Word of this remarkable young woman began to spread. She was invited to perform at the White House, and in England first at various country homes and finally for royalty. Her circle of acquaintance widened to include the leading artists and intellectuals of her day. John Singer Sargent made several sketches of her. Henry James became a mentor and advisor.
When Draper booked the Aeolian Hall in 1920, she was making a commitment to earning a living through her art. It was a commitment that changed her life. Literally overnight, she went from gifted amateur to successful professional and for the next thirty-six years, she worked.
The work was the most demanding type of performance carried out under often demanding circumstances. Travel was much more difficult then than it is now but Draper played on every inhabited continent, and kept to a schedule that today’s theatrical unions would never permit. Here is her itinerary for the first eight months of 1938:

January 15-17, Colombo, Ceylon
January 26, Madras, India
January 31, Bombay
February 2, Bombay
February 10, New Delhi
February 12, New Delhi
February 21-24, Calcutta
March 2, Rangoon, Burma
March 5-6, Maymo, Burma
March 11, Bangkok, Thailand
March 17, Penang, Malaya
March 21-24, Singapore
March 29-31, Kunstring, Java
April 2, Kunstring, Java
April 21-27, Brisbane, Australia
April 30-May 13, Sydney
May 14, Newcastle
May 17-June 16, Melbourne
July 6, Adelaide
July 14-26, Sydney
August 5, Wellington, New Zealand
August 6-10, Christchurch
August 11, Duneden, Africa
August 15-20, Auckland
August 25, Suva, Fijii Islands
Draper returned home after this tour on September 8, arriving at Newark Airport via Pago-Pago, Honolulu, Los Angeles and Albuquerque.
Draper maintained this kind of schedule to the end of her life. During World War II she entertained troops and performed many benefits in support of the war effort.
As the decade of the 1940’s came to a close, profound changes occurred in the entertainment business within which Ruth Draper existed as a cottage industry. With the rise of television in America, fewer people attended the theatre, and Draper’s audiences began to dwindle.

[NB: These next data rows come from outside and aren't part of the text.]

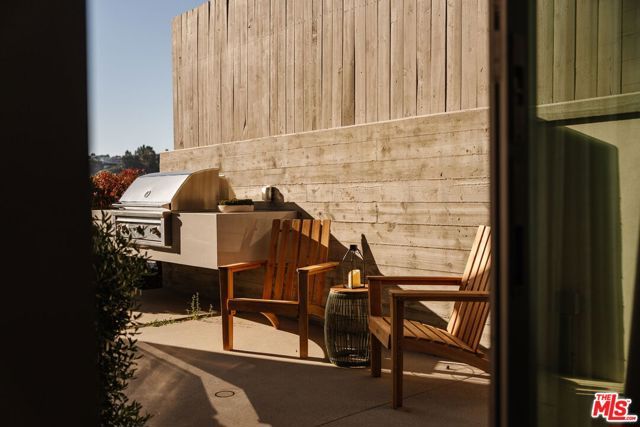 3642 Beverly Ridge Drive, Sherman Oaks, CA 91423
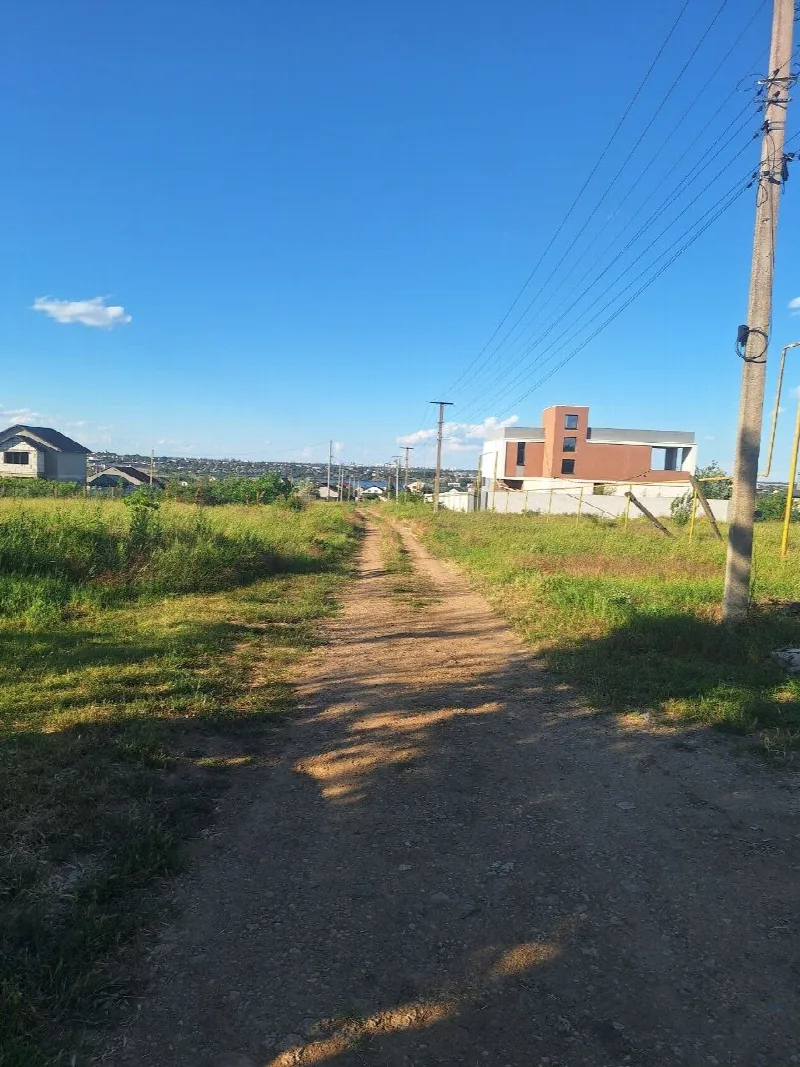 Land, Molodizhne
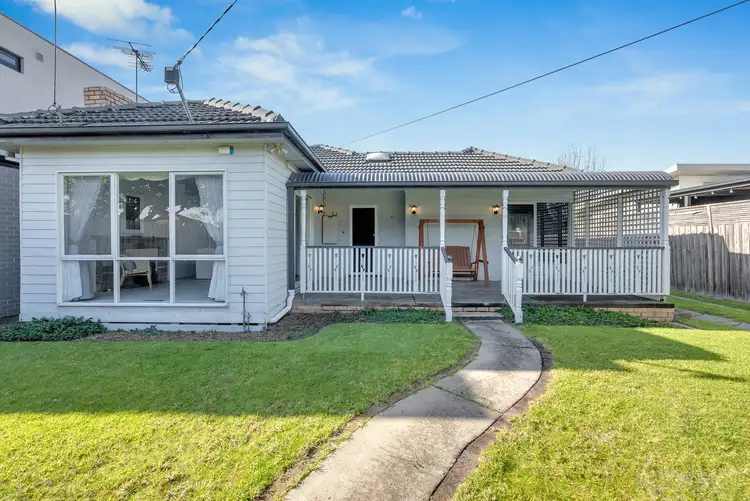 33 Ivan Avenue, Edithvale VIC 3196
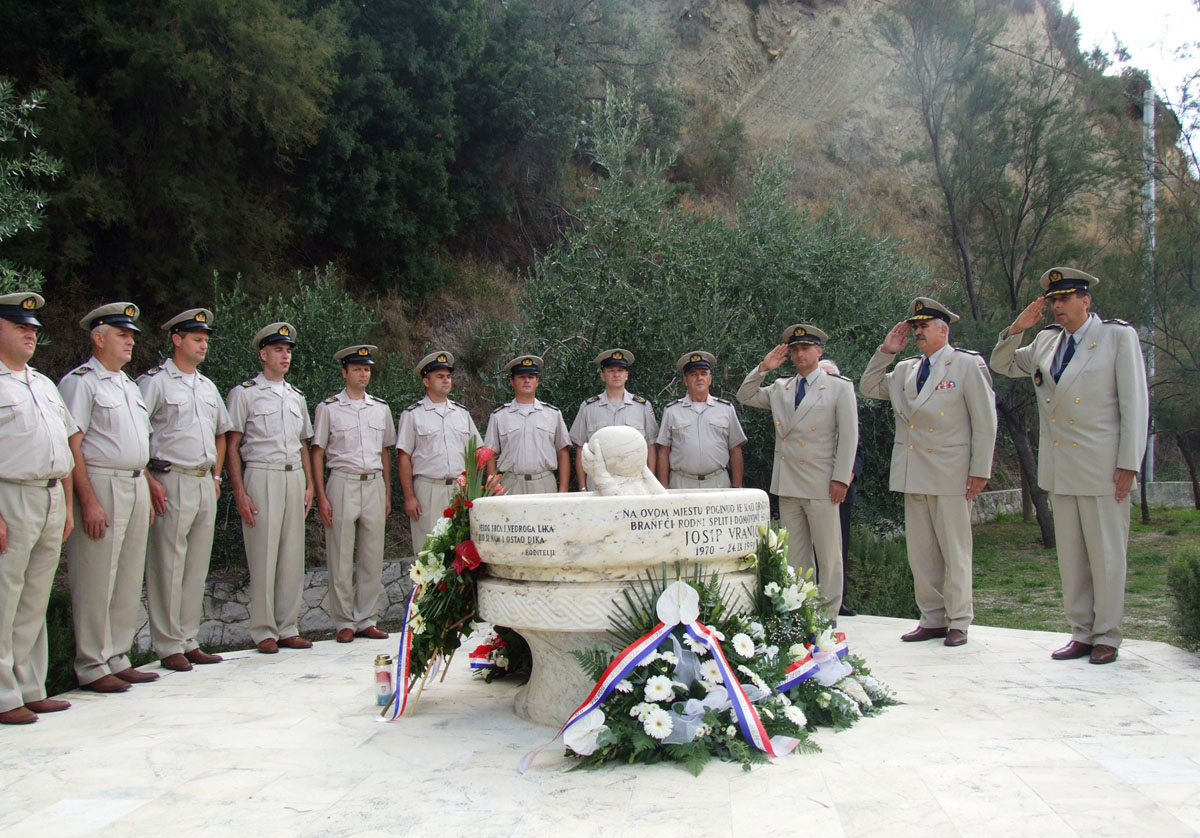 Slika https://www.morh.hr/wp-content/uploads/2017/10/obljetnica_24092012_v.jpg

Her English fans, however, remained steadfast and through the promotional efforts of Charles Bowden and Richard Barr, who became her managers in 1948, she began to develop — to her surprise — a fascinated audience of younger people in America. She continued to play both in legitimate theatres (where union rules and high costs depressed her profits) and on the concert circuit.
In 1954, at age 70, she gave what was billed as her farewell performance at the Vanderbilt Theatre on Broadway but was soon persuaded by the response of the audience as well as the protests of admirers like Maurice Chevalier and Fred Keating to return to the stage.
In 1956, on Christmas night, Ruth Draper began a four week engagement at the Playhouse Theatre. Four days later, on Saturday, December 29, she did two shows, matinee and evening performances. She was tired and had, for some time been suffering from a heart condition which she had concealed from her friends and family. After the evening performance, she asked her driver to take her past the Christmas tree in Rockefeller Plaza. She died peacefully in her sleep that night at the age of 72.